#### Task item:
Please repeat the lines below exactly. Begin with the line containing "Lucid 3 Inch" and go on through the line containing "Lunariah - Robe".

#### Records shown:
= = = = = = =

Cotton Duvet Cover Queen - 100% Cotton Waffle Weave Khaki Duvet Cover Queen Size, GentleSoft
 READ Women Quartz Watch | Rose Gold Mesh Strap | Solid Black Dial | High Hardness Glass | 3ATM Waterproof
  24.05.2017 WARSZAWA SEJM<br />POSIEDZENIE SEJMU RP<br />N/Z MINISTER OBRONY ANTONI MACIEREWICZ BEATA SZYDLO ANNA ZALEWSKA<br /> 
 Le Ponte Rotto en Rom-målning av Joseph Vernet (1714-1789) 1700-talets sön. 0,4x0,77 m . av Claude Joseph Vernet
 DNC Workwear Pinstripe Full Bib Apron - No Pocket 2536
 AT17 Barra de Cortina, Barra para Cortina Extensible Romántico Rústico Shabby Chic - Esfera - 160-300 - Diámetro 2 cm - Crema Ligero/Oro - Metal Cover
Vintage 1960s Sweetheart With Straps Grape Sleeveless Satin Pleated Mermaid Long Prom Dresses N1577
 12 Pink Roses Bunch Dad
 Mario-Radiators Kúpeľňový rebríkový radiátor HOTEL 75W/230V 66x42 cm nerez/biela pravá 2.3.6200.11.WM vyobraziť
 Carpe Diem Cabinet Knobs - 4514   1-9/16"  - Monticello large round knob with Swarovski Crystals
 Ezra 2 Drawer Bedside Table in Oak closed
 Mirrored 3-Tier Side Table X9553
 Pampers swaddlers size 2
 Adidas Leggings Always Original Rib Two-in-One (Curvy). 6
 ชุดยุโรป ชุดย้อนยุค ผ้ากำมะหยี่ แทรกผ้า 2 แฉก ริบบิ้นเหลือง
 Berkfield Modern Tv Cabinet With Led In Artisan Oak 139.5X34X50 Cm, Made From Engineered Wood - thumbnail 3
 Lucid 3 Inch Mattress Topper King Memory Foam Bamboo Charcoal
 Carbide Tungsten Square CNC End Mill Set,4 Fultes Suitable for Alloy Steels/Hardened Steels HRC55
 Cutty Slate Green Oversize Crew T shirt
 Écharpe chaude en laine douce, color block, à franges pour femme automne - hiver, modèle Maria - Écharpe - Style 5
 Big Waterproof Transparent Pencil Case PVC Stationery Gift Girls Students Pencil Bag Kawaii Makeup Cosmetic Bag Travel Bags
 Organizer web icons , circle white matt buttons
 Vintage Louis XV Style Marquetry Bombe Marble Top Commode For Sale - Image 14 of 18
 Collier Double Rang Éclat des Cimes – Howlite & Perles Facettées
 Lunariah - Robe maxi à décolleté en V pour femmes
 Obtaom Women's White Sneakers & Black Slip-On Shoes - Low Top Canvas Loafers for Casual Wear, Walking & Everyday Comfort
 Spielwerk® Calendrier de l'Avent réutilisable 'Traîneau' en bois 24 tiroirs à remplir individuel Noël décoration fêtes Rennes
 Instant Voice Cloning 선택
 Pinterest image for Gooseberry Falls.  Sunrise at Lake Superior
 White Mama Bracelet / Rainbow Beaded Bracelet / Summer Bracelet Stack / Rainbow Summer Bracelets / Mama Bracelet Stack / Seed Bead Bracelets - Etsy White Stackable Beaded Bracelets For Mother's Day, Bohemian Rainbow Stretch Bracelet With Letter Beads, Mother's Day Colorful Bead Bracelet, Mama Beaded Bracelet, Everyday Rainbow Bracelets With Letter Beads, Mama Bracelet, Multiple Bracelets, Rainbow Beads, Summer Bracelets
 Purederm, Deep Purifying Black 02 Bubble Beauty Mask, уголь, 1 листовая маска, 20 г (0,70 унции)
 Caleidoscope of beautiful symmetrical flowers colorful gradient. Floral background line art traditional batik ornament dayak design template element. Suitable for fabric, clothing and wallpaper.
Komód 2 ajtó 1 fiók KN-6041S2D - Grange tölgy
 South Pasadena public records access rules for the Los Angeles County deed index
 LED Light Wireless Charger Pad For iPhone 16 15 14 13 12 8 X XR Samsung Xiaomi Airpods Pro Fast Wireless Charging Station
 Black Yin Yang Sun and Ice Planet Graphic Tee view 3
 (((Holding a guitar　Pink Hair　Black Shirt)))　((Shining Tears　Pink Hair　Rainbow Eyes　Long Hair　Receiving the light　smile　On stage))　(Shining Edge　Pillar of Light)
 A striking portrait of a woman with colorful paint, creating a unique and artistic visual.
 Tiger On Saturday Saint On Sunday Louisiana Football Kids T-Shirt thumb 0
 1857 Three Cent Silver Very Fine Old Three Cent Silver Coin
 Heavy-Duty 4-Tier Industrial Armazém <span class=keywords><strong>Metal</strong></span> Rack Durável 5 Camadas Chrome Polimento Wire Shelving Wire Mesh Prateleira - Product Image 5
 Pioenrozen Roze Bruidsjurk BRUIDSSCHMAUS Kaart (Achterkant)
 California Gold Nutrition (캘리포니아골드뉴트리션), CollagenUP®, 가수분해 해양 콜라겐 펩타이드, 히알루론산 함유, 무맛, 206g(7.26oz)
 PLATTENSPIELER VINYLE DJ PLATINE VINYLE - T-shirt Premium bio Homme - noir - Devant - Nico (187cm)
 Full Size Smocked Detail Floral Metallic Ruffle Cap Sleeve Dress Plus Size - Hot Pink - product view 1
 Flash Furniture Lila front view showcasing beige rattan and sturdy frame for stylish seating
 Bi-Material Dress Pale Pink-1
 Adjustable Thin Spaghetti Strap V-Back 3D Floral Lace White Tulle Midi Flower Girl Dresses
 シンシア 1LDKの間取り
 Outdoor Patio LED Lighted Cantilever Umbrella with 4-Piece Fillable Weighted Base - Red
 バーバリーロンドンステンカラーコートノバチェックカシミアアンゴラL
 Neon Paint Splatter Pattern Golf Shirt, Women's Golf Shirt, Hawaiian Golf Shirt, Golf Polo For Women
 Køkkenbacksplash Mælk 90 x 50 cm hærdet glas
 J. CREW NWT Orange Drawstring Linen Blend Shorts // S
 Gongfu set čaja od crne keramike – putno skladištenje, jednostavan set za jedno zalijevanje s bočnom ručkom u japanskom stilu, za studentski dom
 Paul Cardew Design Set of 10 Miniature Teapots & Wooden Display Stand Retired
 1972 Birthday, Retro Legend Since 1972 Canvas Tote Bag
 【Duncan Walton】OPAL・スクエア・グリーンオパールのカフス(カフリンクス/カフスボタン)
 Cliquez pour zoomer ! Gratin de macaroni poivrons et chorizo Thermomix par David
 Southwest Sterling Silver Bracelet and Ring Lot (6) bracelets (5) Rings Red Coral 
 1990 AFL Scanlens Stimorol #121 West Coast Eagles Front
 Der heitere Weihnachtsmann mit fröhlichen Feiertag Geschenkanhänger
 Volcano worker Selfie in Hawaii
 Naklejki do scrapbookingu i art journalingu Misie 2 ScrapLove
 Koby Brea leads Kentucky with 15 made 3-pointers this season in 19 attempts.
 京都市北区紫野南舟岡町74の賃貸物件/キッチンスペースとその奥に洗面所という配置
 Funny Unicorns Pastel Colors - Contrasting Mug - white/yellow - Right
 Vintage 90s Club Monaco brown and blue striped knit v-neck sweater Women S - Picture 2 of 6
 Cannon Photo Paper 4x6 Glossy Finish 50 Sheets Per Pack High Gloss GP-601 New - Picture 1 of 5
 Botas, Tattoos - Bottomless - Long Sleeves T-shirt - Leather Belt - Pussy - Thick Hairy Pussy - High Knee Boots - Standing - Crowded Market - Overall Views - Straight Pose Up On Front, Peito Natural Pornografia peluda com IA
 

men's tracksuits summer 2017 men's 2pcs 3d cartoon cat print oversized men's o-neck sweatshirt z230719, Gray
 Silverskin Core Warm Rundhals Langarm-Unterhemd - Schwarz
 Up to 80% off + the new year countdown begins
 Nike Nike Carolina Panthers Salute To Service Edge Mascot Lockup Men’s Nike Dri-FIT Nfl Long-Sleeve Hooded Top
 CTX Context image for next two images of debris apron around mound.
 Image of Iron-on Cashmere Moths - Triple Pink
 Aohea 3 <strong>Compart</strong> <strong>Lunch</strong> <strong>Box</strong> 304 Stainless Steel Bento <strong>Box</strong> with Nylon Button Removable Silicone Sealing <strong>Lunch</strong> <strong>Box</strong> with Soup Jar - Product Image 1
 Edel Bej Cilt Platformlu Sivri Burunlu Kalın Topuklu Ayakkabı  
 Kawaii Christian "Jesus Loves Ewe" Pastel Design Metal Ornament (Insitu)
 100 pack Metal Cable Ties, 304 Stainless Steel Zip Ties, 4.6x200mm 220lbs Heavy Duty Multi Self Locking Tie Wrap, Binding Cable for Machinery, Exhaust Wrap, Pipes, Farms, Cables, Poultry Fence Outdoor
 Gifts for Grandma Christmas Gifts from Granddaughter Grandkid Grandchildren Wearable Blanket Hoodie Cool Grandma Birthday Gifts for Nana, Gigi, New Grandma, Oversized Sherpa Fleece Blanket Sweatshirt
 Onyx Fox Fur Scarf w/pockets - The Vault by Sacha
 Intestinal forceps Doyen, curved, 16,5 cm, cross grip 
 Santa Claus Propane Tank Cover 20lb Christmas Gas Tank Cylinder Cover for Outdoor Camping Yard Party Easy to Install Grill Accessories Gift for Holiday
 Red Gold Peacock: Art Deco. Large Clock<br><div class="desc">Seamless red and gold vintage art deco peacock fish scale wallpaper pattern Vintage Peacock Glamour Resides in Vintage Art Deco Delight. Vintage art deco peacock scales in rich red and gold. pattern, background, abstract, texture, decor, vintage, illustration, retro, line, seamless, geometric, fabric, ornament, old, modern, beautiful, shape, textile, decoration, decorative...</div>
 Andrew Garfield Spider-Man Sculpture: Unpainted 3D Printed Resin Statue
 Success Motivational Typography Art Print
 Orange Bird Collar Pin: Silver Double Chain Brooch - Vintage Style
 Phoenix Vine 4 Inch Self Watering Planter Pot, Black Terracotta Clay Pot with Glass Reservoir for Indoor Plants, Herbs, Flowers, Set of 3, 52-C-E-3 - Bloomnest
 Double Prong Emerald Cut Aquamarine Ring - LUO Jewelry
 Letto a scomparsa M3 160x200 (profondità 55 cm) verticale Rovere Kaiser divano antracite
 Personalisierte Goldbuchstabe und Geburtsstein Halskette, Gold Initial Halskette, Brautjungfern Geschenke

= = = = = = =

#### Written response:
 Lucid 3 Inch Mattress Topper King Memory Foam Bamboo Charcoal
 Carbide Tungsten Square CNC End Mill Set,4 Fultes Suitable for Alloy Steels/Hardened Steels HRC55
 Cutty Slate Green Oversize Crew T shirt
 Écharpe chaude en laine douce, color block, à franges pour femme automne - hiver, modèle Maria - Écharpe - Style 5
 Big Waterproof Transparent Pencil Case PVC Stationery Gift Girls Students Pencil Bag Kawaii Makeup Cosmetic Bag Travel Bags
 Organizer web icons , circle white matt buttons
 Vintage Louis XV Style Marquetry Bombe Marble Top Commode For Sale - Image 14 of 18
 Collier Double Rang Éclat des Cimes – Howlite & Perles Facettées
 Lunariah - Robe maxi à décolleté en V pour femmes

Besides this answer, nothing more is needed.